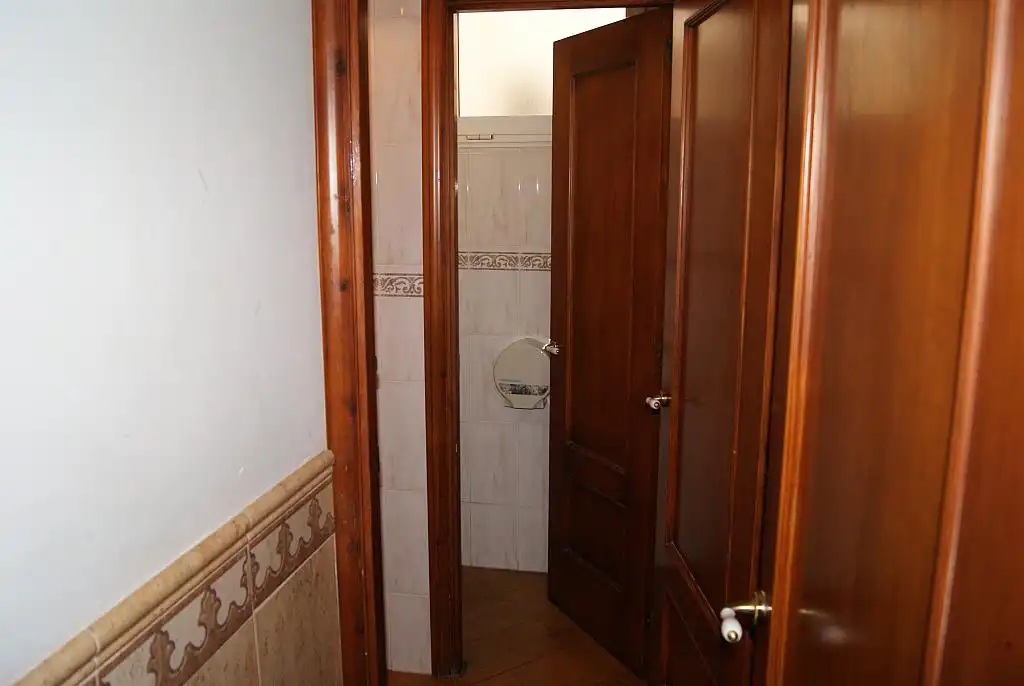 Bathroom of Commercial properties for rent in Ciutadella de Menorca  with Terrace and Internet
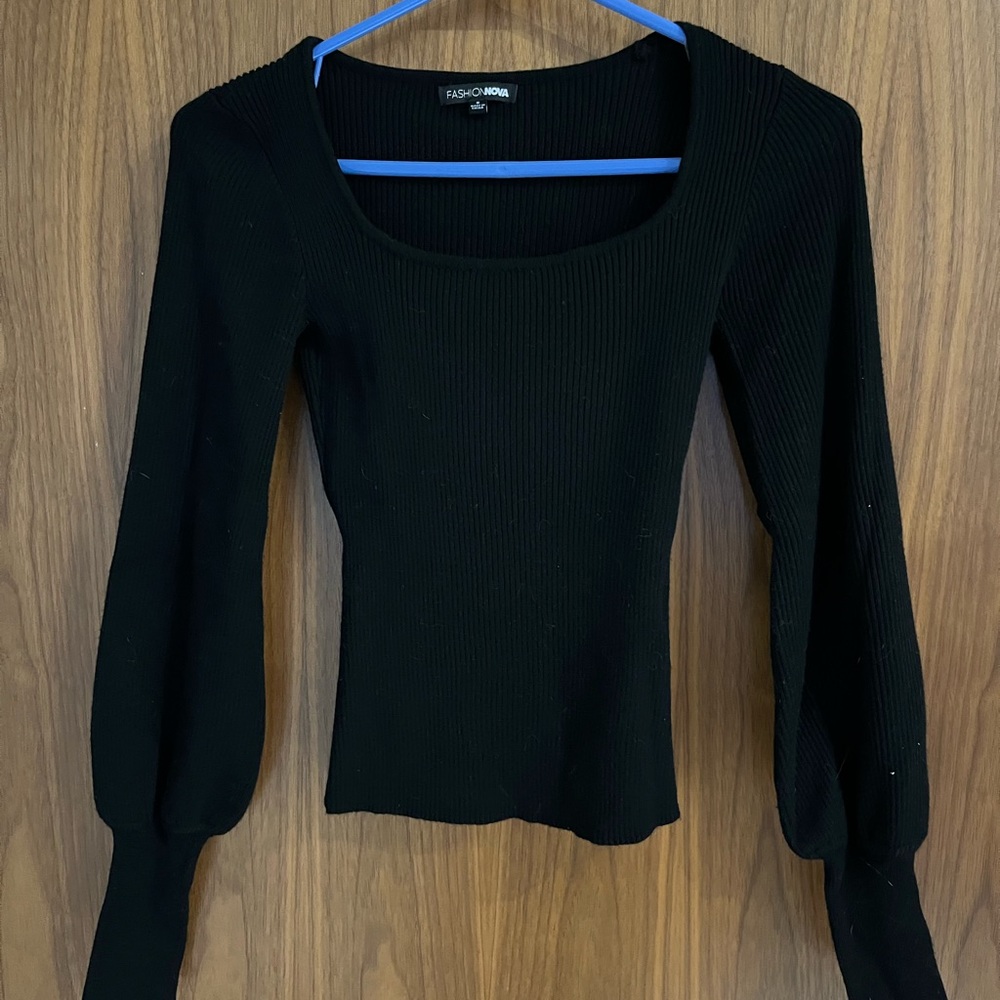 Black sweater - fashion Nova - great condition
◇ ◇ ◇
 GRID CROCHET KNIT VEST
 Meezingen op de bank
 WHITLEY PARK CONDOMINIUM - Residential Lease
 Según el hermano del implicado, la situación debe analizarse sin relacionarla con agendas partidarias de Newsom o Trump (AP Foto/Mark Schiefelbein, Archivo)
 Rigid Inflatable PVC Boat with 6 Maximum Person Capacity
◇ ◇ ◇
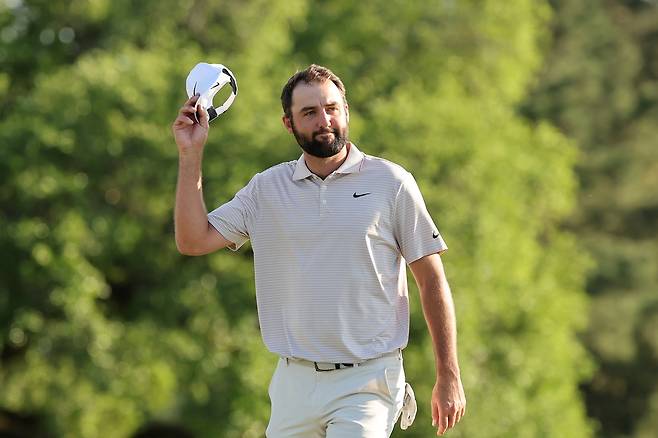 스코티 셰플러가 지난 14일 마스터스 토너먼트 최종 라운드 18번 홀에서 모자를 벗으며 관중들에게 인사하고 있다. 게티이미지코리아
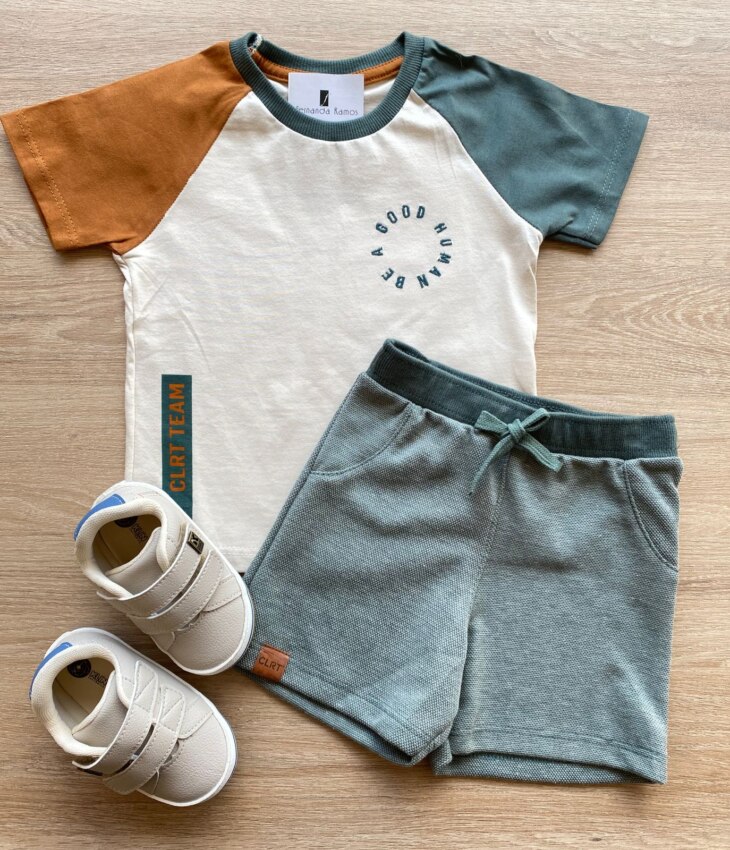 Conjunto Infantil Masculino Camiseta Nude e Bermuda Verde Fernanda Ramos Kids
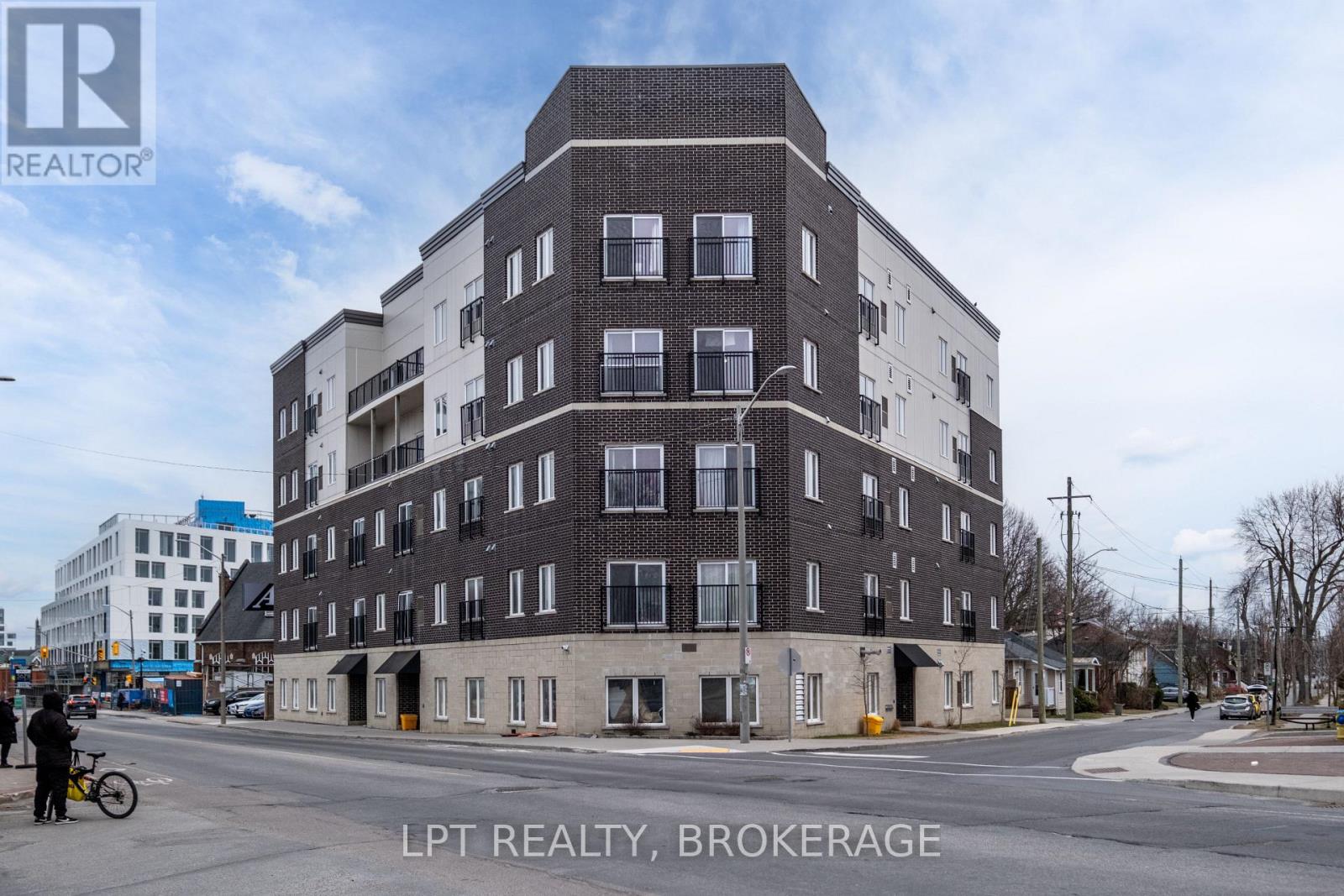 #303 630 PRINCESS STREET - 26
◇ ◇ ◇
**Activity**.
Within the data above, repeat exactly the lines from the one bearing "Bathroom of Commercial" through the one bearing "Black sweater - fashion". Include no pictures and nothing else.

**Solution for this problem**.
 Bathroom of Commercial properties for rent in Ciutadella de Menorca  with Terrace and Internet
 Black sweater - fashion Nova - great condition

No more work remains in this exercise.